Память и интуиция (а в крайнем случае словари, например словарь В. И. Даля) легко подскажут вам, что в санках озера значит «по краям озера» (буквально – «в скулах озера»), люлька – «трубка», а на излуке – «на излучине, на изгибе». Но вот что такое парагуш квелый, будет (и есть даже для специалистов) поистине тем, что принято называть фразеологизмом «темна вода во облацех». И причиной этому примечательному факту прежде всего… простая опечатка (!), кочующая из издания в издание: вместо нужной буквы к в слове карагуш неизменно печатается буква п. Ну а зная это, легко будет уже разгадать «таинственное» сочетание. Карагуш квелый – это терминологическое, но широко известное обозначение птицы, которую мы иначе называем подорликом. Оно точно соответствует латинскому прототипу Aquila clanga (Aquila – «орел», clanga – «кричащая, клекочущая, каркающая», от глагола clango). Здесь, как и во многих других случаях, нас выручает В. И. Даль. В его «Толковом словаре…» находим: «карагуш – вид небольшого орла, татарский орел, Aquila clanga; квелить – писклявить, плакать, жалобиться, хныкать». Указываемое В. Далем значение «татарский орел», несомненно, представляет толкование, отражающее не реальное значение слова карагуш – «небольшой орел, подорлик», а его этимологическое объяснение. Слово каракош – «небольшой орел» является в русском языке заимствованным из татарского, где оно буквально значит «черная птица» (кара – «черная», кош – «птица»).
Однако разгадка словосочетания карагуш квелый еще не конец нашим поистине детективным поискам художественной истины отрывка. Ведь странным выглядит и само это терминологическое обозначение подорлика в соседстве с глаголом курит: птицы не курят. Расшифровывать надо и это. Дело здесь в особой стилистической манере С. Есенина, в специфическом образно-метафорическом употреблении поэтом (а таких фактов у него хоть отбавляй) слов, нам уже в прямом значении известных. Поэт использует скрытое сравнение. Подорлик у него, как курящие старики на завалинке, отдыхает на излучине «тихих вод» (обратите внимание на инверсию и дистанционное расположение слов тихих вод… на излуке, восходящее к поэтическим вольностям, известным в стихотворном синтаксисе со времени их появления в XVIII в.). Вот, как видим, какой запутанной и сложной оказывается иногда словесно-художественная вязь, казалось бы, у одного из самых простых и доступных поэтов.

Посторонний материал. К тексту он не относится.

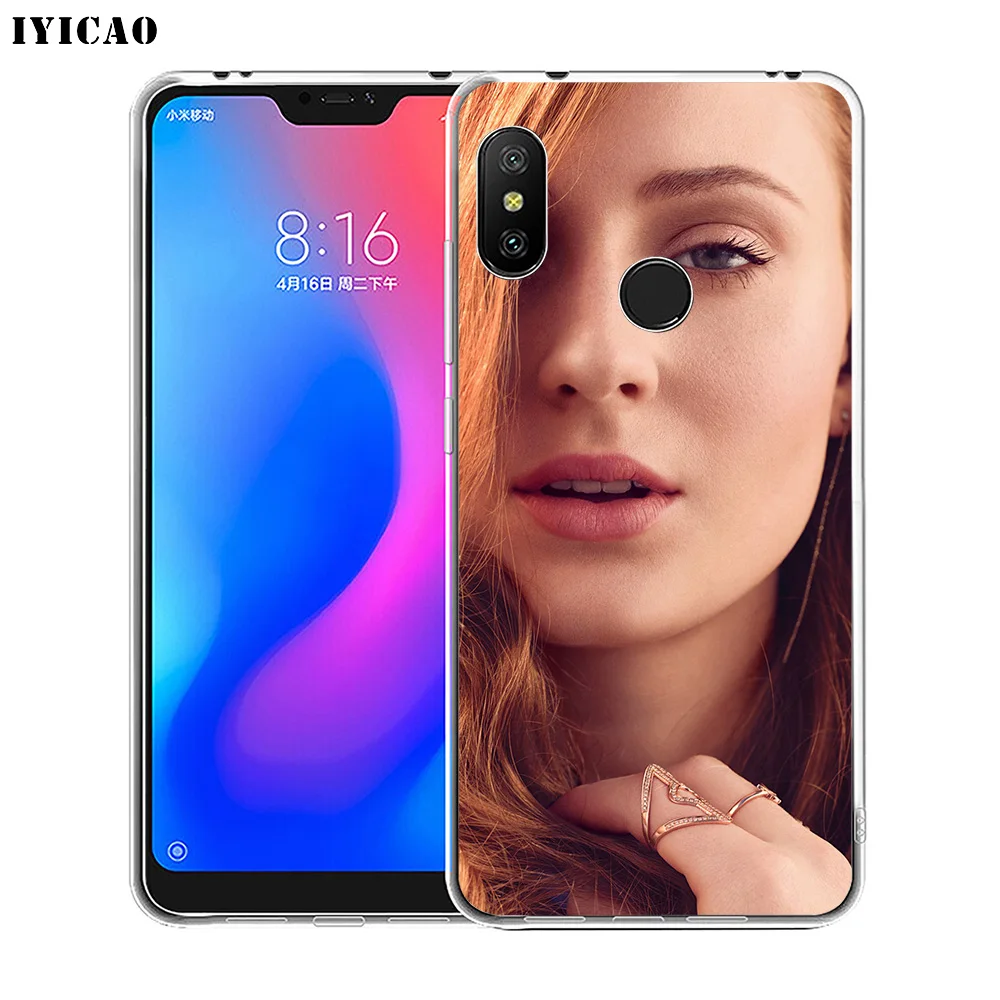 Мягкий силиконовый чехол для телефона IYICAO Sophie Turner Dark Phoenix Xiaomi Mi 9 8 SE 6 A1 A2 Lite F1 MIX2S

В наших жилах – кровь, а не водица
«Угловатые и аритмичные стихотворные произведения В. Маяковского, одного из самых оригинальных и талантливых поэтов XX в., с их версификационной лесенкой и «рубленностью», заражают и поражают тем не менее каждого способного читать и думать своей неподкупной искренностью содержания, страстностью, высоким и душевным лиризмом, удивительной афористичностью выражения. Последнее обусловило тот несомненный факт, что многие его поэтические строчки стали афоризмами и неотъемлемой принадлежностью нашего повседневного языка. Крылатые слова В. Маяковского, разные по своей структуре и содержанию, постоянно используются нами в речи, наряду с готовыми словами и фразеологизмами, как наши собственные выражения. В этом отношении фразеологическим новообразованиям поэта повезло значительно больше, чем его словным словообразовательным неологизмам. Если из последних в наш язык прочно вошло одно лишь прозаседавшиеся, а остальные так и остались прикрепленными к определенному контексту, то крылатые слова В. Маяковского сосчитать трудно. На каждом шагу мы употребляем его крылатые выражения: Отечество славлю, которое есть, но трижды – которое будет; мне бы жить и жить, сквозь годы мчась; во весь голос; моя милиция меня бережет; становясь на горло собственной песне; товарищ жизнь; мне и рубля не накопили строчки; слово – полководец человечьей мысли; и жизнь хороша, и жить хорошо; вся поэзия – езда в незнакомое; что такое хорошо и что такое плохо и т. д.
К числу крылатых принадлежат и слова, которые составляют заглавие настоящей заметки, сразу воскрешающие в нашей памяти одно из самых замечательных стихотворений В. Маяковского «Товарищу Нетте – пароходу и человеку»:
В наших жилах —
кровь,
а не водица.
Мы идем сквозь револьверный лай,
Чтобы,
умирая,
воплотиться
В пароходы,
в строчки
и в другие долгие дела.
В них нет ничего для нас неясного, и может остановить в них нас (и то, если мы начнем этот фразеологизм анализировать) только слово водица (вместо пресного и сухого существительного вода).